WebHarvy can be used to web scrape data from job listing websites like Dice, Indeed, Monster etc. With an easy to use, point and click user interface, you can select most of the data which you need to scrape by just clicking over them during configuration.
The following video shows how WebHarvy can be used to scrape Dice.com job listings. Details like Job title, description, application link, company, contact details of job poster, qualifications required etc. can be scraped from Dice job listings.

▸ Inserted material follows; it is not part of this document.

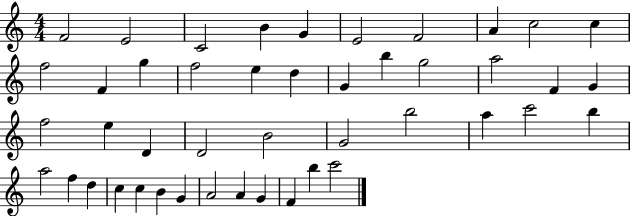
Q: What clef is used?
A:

Steps to Scrape Dice Job Listings Data
- Download and install WebHarvy in your computer
- Open WebHarvy and load Dice.com. Navigate to the job listings page from which you need to scrape data.
- Start Configuration
- Click over any text which you need to scrape. WebHarvy displays a Capture window with various options. Select the Capture Text option to select the text of the item to scrape. Details like job title, short description, job details page URL etc. can be selected in this method
- Scroll down to the bottom of the page and configure pagination. Click on the link to load the next page of listings and set it as the next page link.
- Scroll back up and click on the title/link of the first job listing. Select Follow this link option from the Capture window. Wait for the details page to load.
- Click and select more details from the job details page.
- The Capture following text option should be used whenever the required data is guaranteed to occur after a heading text (ex: Job Description)
- Stop Configuration
- Save Configuration (optional)
- Start Mine
- Once mining finishes, the scraped data can be saved to a file or to a database.